- **THE TASK**
Find the line that holds "Fort Lauderdale, FL" in the material below. Output that line and each one after it exactly, but not the pictures.

- **SOURCE DATA**
↓↓↓

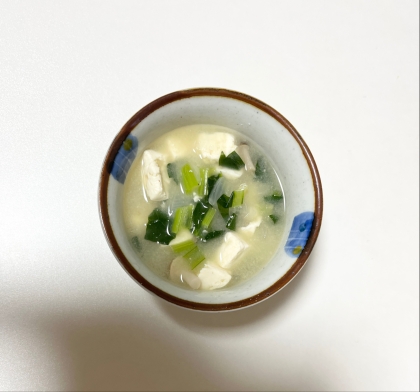 大根の葉と油揚げと豆腐の味噌汁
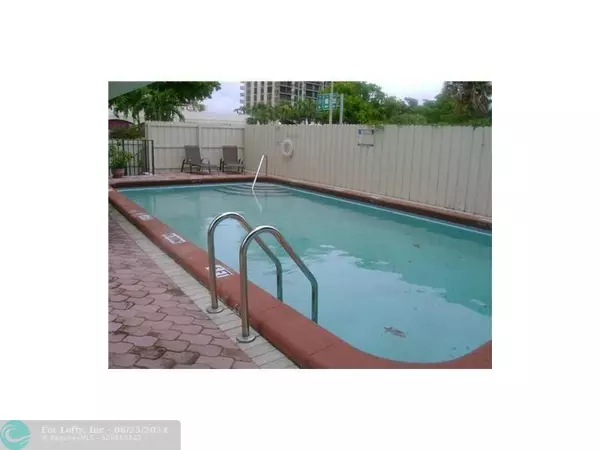 Fort Lauderdale, FL 33308,3000 N OCEAN BL  #407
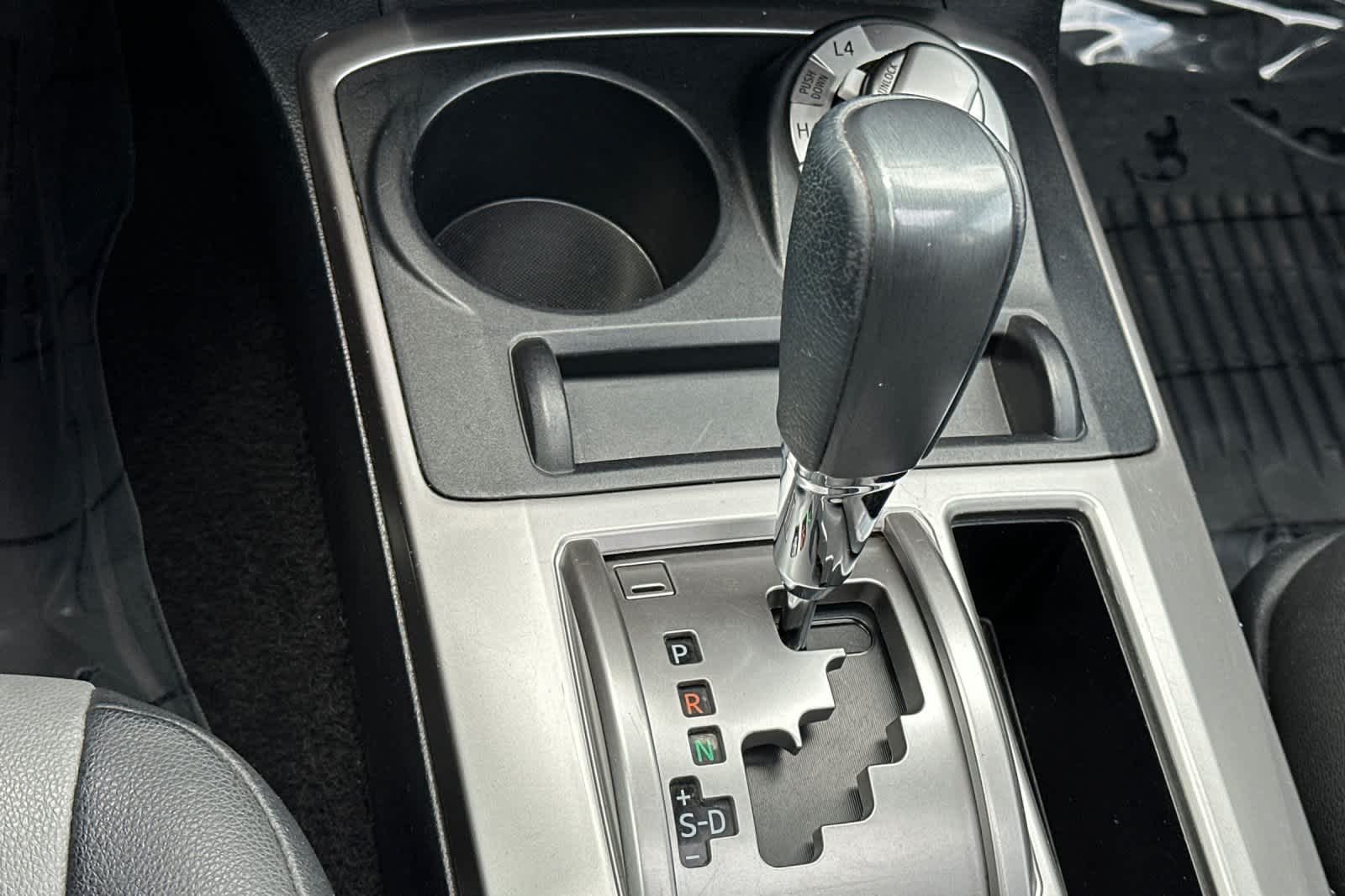 Vehicle image 23 of 30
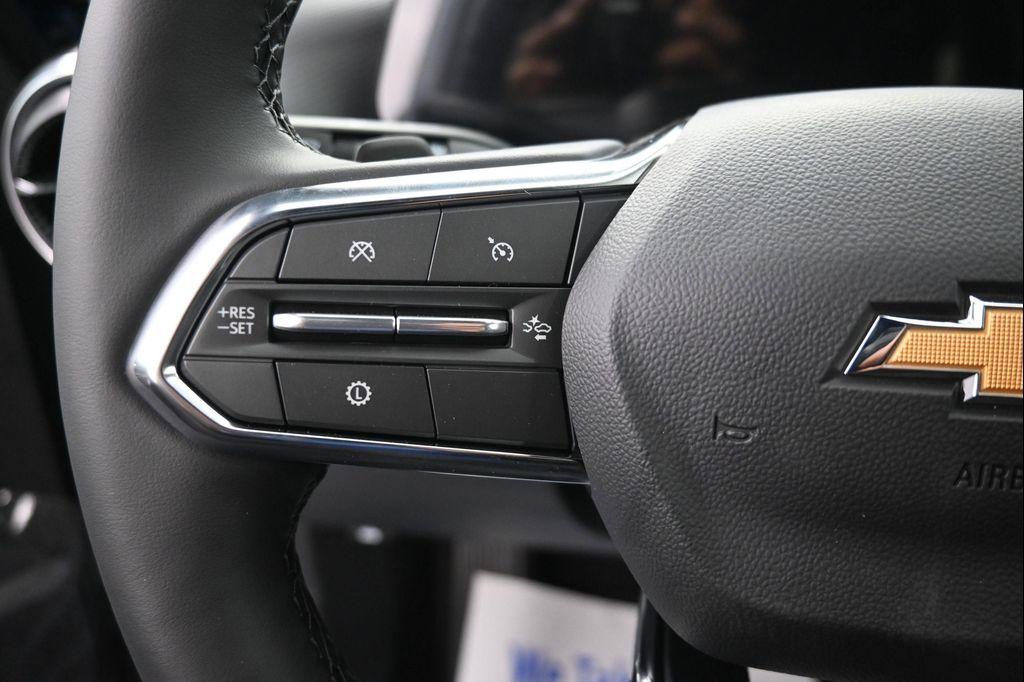 new 2026 Chevrolet Equinox car, priced at $35,205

↑↑↑

- **ANSWER FOR THE TASK**
 Fort Lauderdale, FL 33308,3000 N OCEAN BL  #407
 Vehicle image 23 of 30
 new 2026 Chevrolet Equinox car, priced at $35,205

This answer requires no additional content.